Scraped caption text data:
◆ ◆ ◆ ◆ ◆
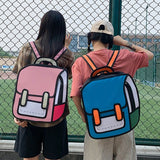 -Comic style 2D-in-3D cartoon style backpack.High quality oxford fabric with magnetic closure, sturdy plastic clips, shoulder straps and top handle. Small front slide pocket,external zip pocket, main compartment with smaller iinternal zipper pocket. 36x40x11cm /14.17x15.75x4.33in). Free Shipping Worldwide. Jump style-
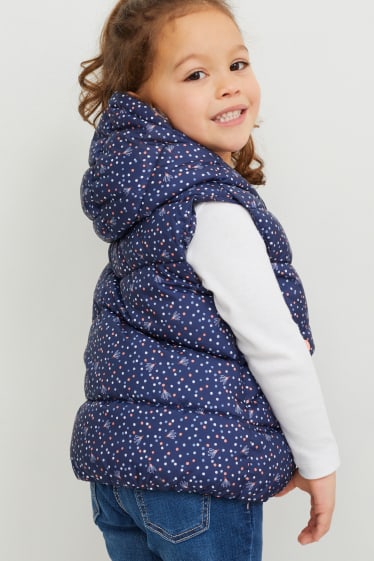 Dětské - Prošívaná vesta s kapucí - puntíkovaná - tmavomodrá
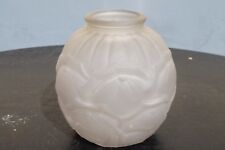 c 1920's FRENCH ART DECO LARGE AUTHENTIC VASE- FROSTED GLASS- DESIGNED picture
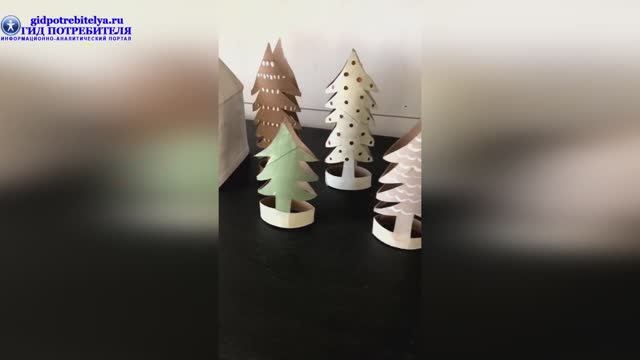 Елочки из втулок от туалетной бумаги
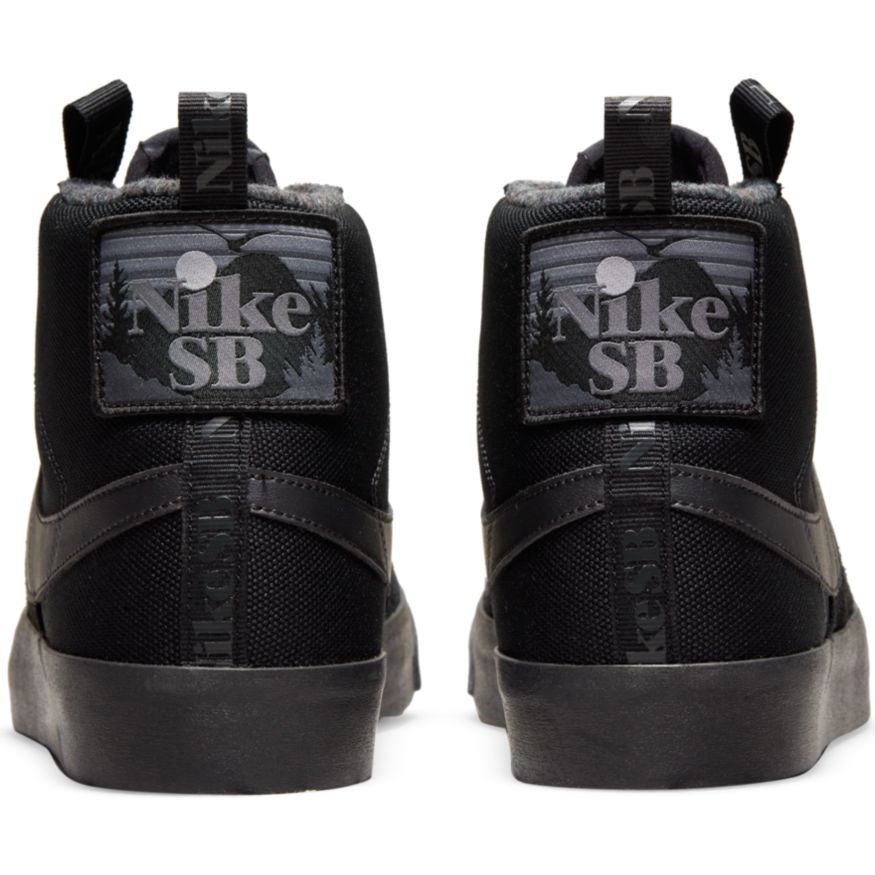 Black Premium Nike SB Blazer Mid Skateboarding Shoe Back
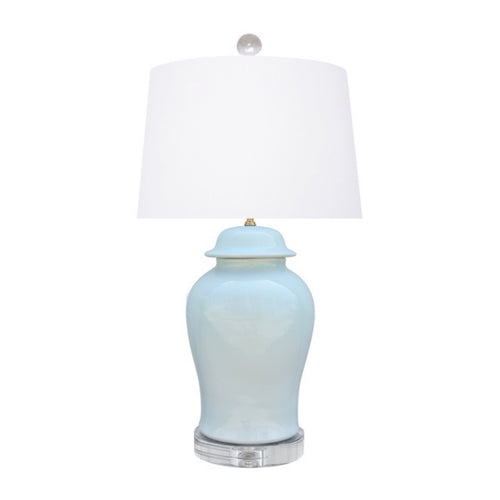 Porcelain Palladian Blue Temple Jar Lamp w/ Crystal Base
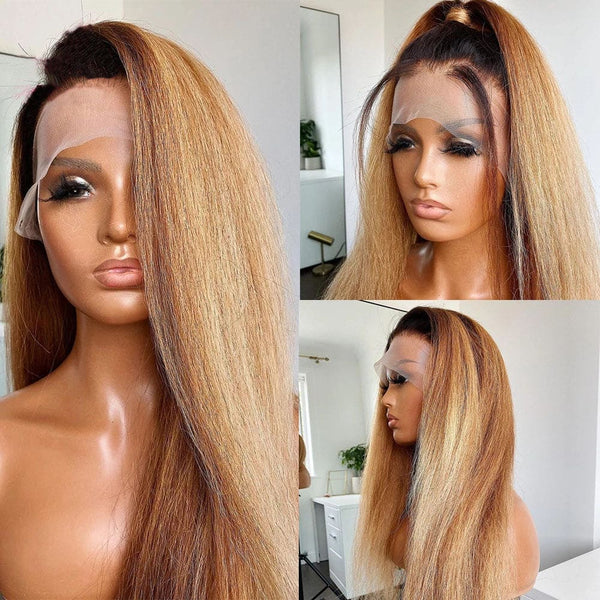 Bye~Bye~KNOTS HD Swiss Lace 13x6 Frontal Upgraded Hairline Ombre Honey Blonde Yaki Straight Wig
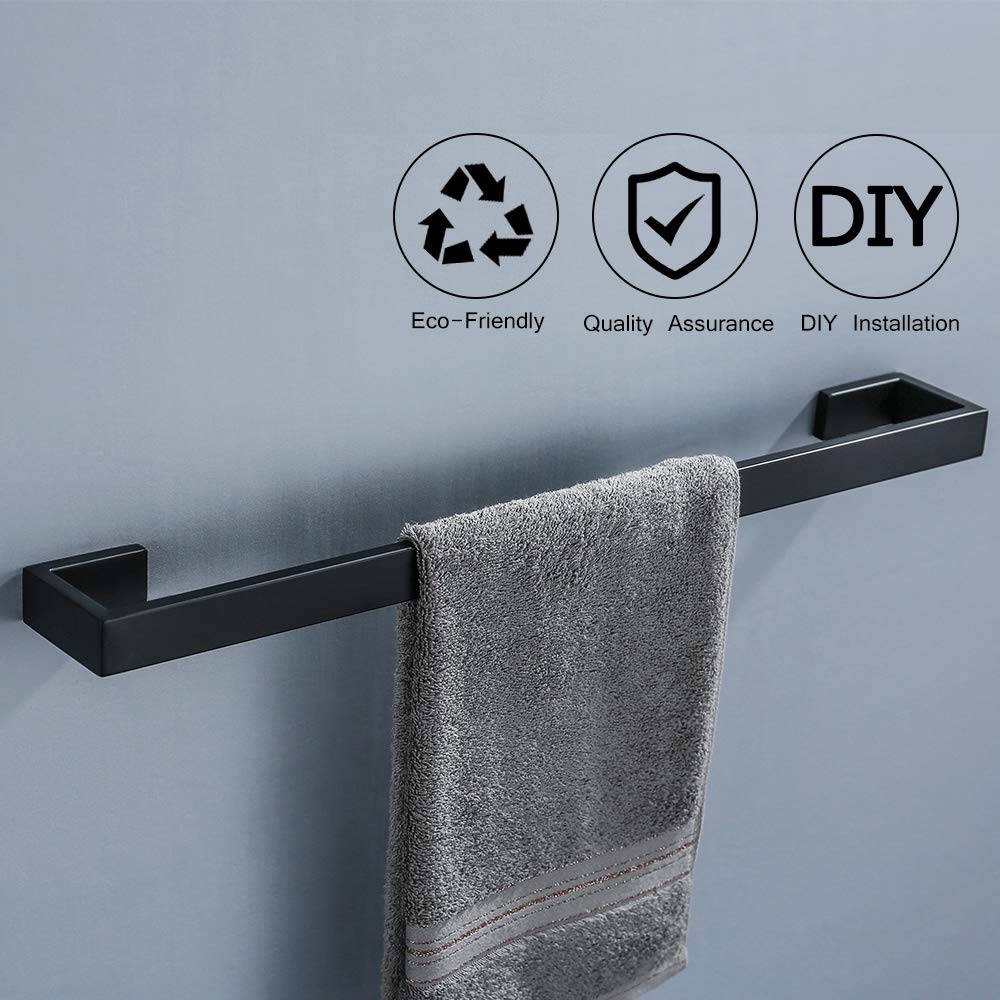 TNOMS 4 Pieces Bathroom Hardware Accessories Set Black Towel Bar Towel Holder Robe Hook Toilet Paper Holder Stainless Steel Q8-P4BK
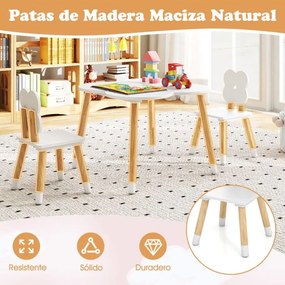 Conjunto de Mesa Flor com Jogo e Atividades em Madeira e 2 Cadeiras Infantis em Pinho Maciço para Crianças com mais de 3 anos Branco e Natural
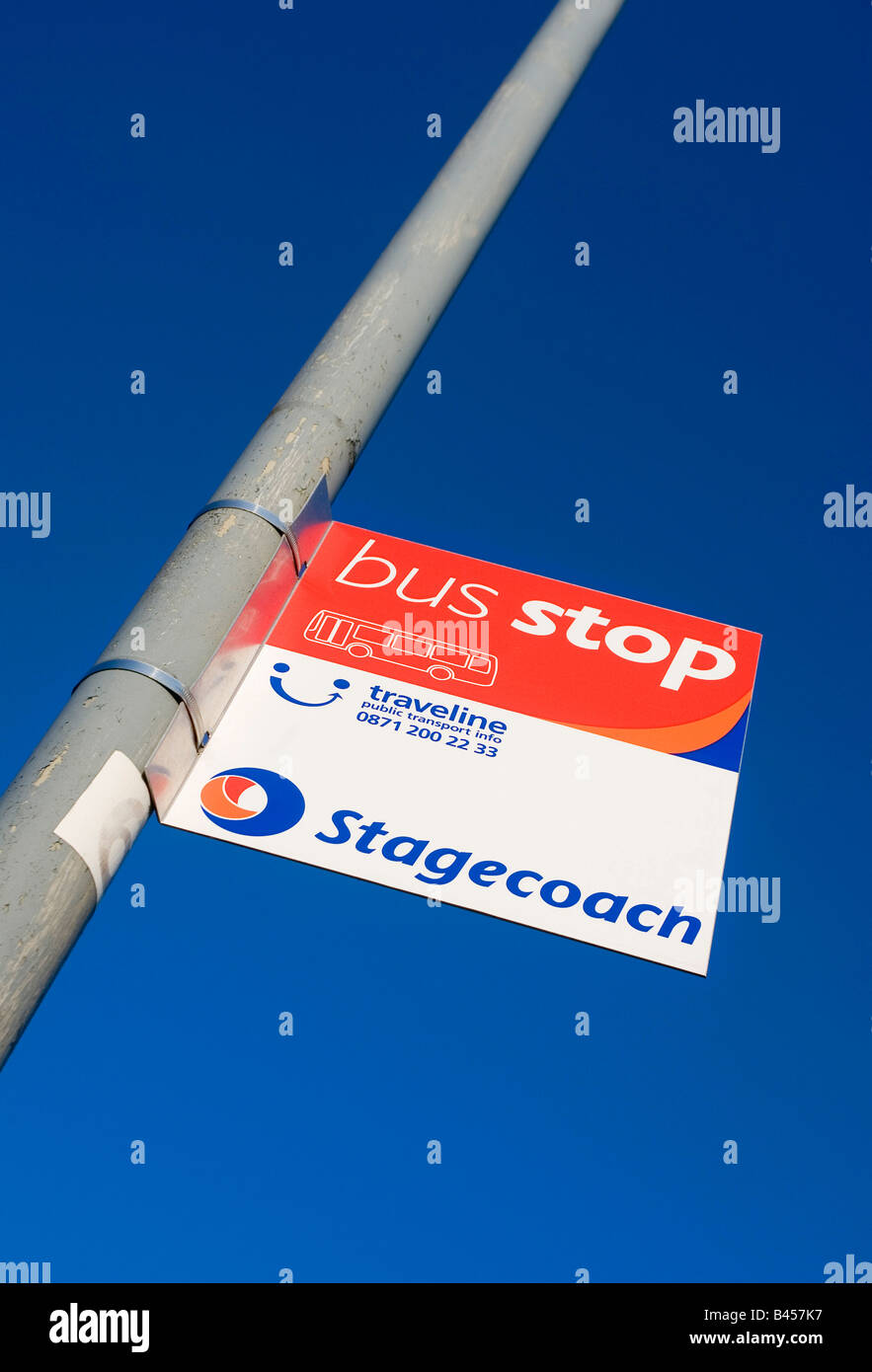 Stagecoach bus stop Stock Photo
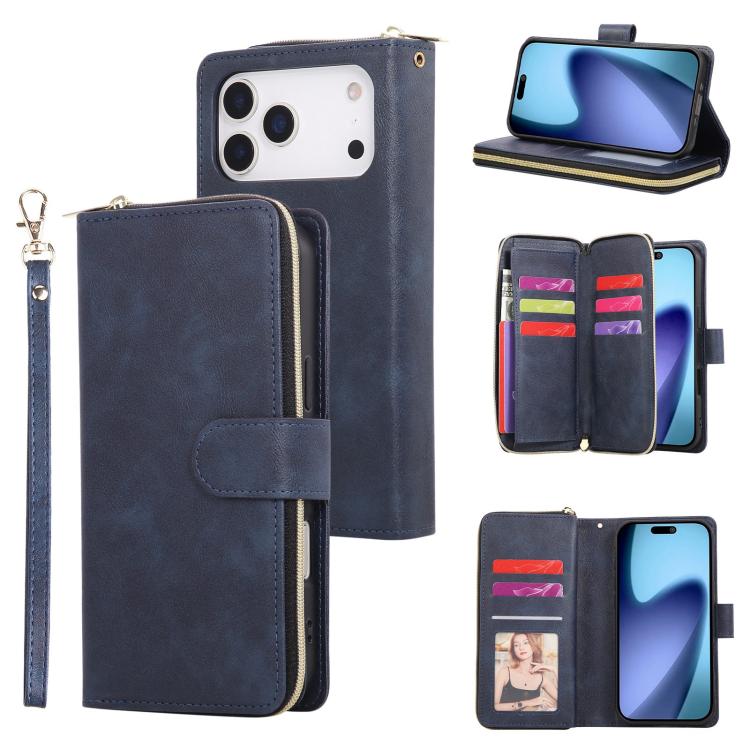 9 Card Slots Zipper Wallet Bag Leather Phone Case, For iPhone 18 / 17, For iPhone 18 Pro / 17 Pro, For iPhone 18 Pro Max / 17 Pro Max, For iPhone 17e / 16e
◆ ◆ ◆ ◆ ◆
#### What you are asked to do
From the line that contains "Porcelain Palladian Blue" to the final line of the entries, reproduce every line exactly, both ends included. Leave out all pictures.

#### Solution
 Porcelain Palladian Blue Temple Jar Lamp w/ Crystal Base
 Bye~Bye~KNOTS HD Swiss Lace 13x6 Frontal Upgraded Hairline Ombre Honey Blonde Yaki Straight Wig
 TNOMS 4 Pieces Bathroom Hardware Accessories Set Black Towel Bar Towel Holder Robe Hook Toilet Paper Holder Stainless Steel Q8-P4BK
 Conjunto de Mesa Flor com Jogo e Atividades em Madeira e 2 Cadeiras Infantis em Pinho Maciço para Crianças com mais de 3 anos Branco e Natural
 Stagecoach bus stop Stock Photo
 9 Card Slots Zipper Wallet Bag Leather Phone Case, For iPhone 18 / 17, For iPhone 18 Pro / 17 Pro, For iPhone 18 Pro Max / 17 Pro Max, For iPhone 17e / 16e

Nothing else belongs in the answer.